A large fraction of information in electronic medical records is “locked” in narrative documents, such as provider notes, radiology reports, etc. Natural language processing technology can be used to extract information from narrative documents. However, it remains underutilized, because in many cases natural language processing solutions require advanced computer science expertise and/or expensive commercial software.
Canary (http://canary.bwh.harvard.edu) is a free/open-source software designed to solve this problem. Canary is a GUI-based platform that allows clinicians, researchers and analysts without computer science or software engineering background to develop their own natural language processing solutions. Canary has been downloaded in dozens of institutions around the world and has been successfully used in a number of projects. We will describe Canary and illustrate how it can be used to obtain information from narrative documents you always wanted, but could not reach.
After participating in this activity, the learner should be better able to:
- Understand challenges in developing natural language processing tools
- Create natural language processing solutions using Canary platform
Alexander Turchin, MD, MS, FACMI
Director of Informatics Research
Division of Endocrinology
Brigham and Women’s Hospital
Associate Professor of Medicine
Harvard Medical School
Dr.
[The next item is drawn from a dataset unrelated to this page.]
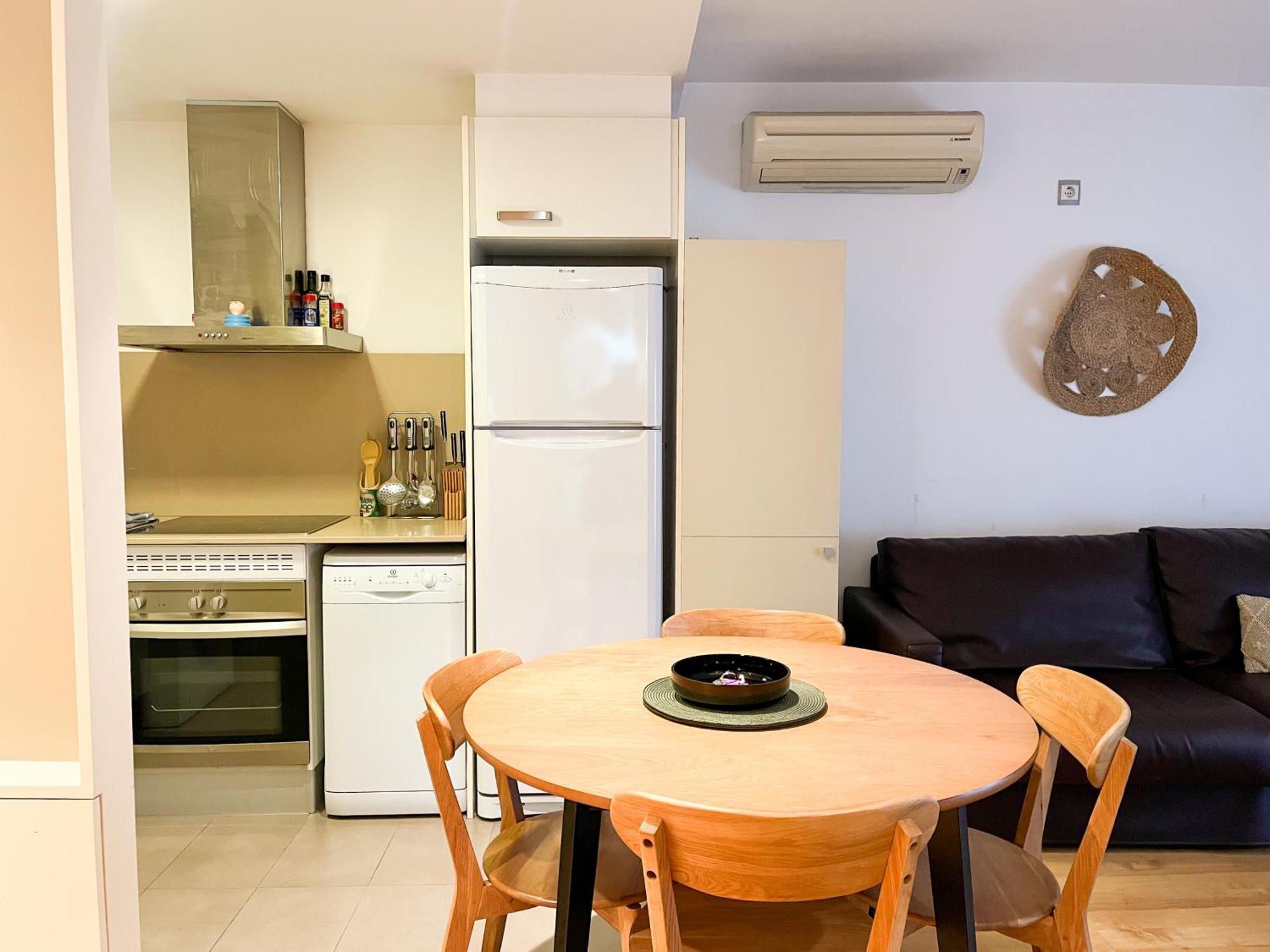 Lugar Perfecto En El Casco Antiguo De Girona Apartment ภายนอก รูปภาพ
Turchin is Director of Informatics Research at the Division of Endocrinology at Brigham and Women's Hospital, Associate Professor of Medicine at Harvard Medical School and Director of Clinical Informatics at Baim Institute for Clinical Research. Dr. Turchin is a graduate of Johns Hopkins University School of Medicine and Massachusetts Institute of Technology (Medical Informatics). His research focuses on analysis of electronic medical record data; he uses advanced informatics technologies including natural language processing to study quality of care and outcomes in chronic endocrine diseases. Dr. Turchin is a Fellow of the American College of Medical Informatics and has published over 80 papers and book chapters; his research has been funded by AHRQ, NIH and private foundations.